Fue allí donde por primera vez en la contienda libertadora, Gómez lanzó el grito de ¡Al machete! Había escuchado ya esa voz años antes, en su país natal, cuando adscrito a la caballería de Baní, «jinetes de lanza y machetes de cabo», tuvo su prueba de fuego, su primera macheteada, contra las huestes haitianas que sufrieron la carga decisiva de los dominicanos. Antes, mucho antes, en julio de 1762, Pepe Antonio Gómez y Bullones, alcalde mayor de Guanabacoa y capitán de milicias, al frente de 70 hombres mal armados, enfrentó a los invasores británicos que se apoderaron de La Habana y dirigió con éxito la primera carga al machete de nuestra historia.

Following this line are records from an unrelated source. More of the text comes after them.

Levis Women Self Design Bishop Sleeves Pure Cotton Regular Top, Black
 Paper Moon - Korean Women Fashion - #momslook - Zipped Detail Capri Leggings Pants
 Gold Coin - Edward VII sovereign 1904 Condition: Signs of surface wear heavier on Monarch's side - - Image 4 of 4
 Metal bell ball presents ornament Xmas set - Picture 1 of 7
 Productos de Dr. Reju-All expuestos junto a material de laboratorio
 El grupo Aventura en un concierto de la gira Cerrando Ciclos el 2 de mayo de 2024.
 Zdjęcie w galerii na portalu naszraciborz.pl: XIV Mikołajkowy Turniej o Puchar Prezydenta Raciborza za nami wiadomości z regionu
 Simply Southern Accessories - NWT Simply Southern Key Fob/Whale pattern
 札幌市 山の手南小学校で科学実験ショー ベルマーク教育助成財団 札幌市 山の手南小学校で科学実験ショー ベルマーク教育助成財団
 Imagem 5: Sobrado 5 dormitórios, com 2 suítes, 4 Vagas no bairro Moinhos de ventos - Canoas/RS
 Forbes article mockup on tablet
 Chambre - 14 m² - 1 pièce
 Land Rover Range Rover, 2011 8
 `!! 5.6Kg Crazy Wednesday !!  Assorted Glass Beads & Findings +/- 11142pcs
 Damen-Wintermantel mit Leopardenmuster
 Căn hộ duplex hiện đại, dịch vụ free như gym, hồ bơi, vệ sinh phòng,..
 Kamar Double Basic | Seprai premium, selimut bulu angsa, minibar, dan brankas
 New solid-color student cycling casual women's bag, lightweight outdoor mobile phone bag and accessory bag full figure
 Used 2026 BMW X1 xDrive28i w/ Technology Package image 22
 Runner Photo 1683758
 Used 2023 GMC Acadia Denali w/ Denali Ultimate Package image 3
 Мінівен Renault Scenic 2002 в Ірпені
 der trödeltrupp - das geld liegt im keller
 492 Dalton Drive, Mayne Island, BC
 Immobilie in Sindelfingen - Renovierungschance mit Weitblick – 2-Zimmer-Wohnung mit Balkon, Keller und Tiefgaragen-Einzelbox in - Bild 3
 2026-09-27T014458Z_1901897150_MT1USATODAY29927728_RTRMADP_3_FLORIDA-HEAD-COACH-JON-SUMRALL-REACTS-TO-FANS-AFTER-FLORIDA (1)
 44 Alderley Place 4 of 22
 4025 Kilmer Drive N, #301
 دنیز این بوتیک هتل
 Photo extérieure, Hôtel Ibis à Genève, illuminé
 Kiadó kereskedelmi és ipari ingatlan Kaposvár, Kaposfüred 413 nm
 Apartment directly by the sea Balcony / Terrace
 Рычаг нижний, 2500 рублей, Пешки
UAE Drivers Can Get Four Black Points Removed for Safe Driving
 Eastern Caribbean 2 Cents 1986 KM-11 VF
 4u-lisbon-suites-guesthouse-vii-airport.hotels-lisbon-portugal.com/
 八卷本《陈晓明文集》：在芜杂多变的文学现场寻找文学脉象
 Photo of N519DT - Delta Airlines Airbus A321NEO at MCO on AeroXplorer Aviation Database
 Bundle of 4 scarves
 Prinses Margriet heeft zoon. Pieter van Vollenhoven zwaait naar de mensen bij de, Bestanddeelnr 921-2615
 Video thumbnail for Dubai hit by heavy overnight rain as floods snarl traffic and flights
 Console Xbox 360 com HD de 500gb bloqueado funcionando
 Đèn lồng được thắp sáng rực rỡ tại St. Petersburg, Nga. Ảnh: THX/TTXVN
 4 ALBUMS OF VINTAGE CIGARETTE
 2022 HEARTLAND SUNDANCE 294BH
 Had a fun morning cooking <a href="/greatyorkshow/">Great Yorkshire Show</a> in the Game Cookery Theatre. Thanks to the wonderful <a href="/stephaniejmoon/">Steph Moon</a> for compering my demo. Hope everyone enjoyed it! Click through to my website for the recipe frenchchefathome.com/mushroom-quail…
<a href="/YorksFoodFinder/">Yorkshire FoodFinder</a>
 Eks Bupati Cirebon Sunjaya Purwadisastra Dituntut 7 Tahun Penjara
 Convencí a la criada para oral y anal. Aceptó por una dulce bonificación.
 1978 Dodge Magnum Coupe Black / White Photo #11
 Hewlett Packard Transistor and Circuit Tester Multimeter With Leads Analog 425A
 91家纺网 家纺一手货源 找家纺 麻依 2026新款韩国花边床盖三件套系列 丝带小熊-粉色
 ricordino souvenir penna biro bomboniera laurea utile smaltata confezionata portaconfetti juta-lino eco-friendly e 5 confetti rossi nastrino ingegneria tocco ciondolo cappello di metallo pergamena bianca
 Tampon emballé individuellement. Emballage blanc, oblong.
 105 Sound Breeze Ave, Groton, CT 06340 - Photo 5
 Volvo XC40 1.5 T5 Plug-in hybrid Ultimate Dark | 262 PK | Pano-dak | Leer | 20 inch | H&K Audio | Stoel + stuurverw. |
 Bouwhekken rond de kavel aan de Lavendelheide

«Más que a la fatalidad, teme el soldado al hombre que lo enfrenta cara a cara», escribiría aquel valeroso sargento que no demoró en convertirse en el más formidable estratega militar de la Revolución Cubana, y que, como buen estratega, sabía muy bien que, en una guerra, tanto como las tropas, importan las ideas y que una revolución se hace invencible cuando la anima una idea grande.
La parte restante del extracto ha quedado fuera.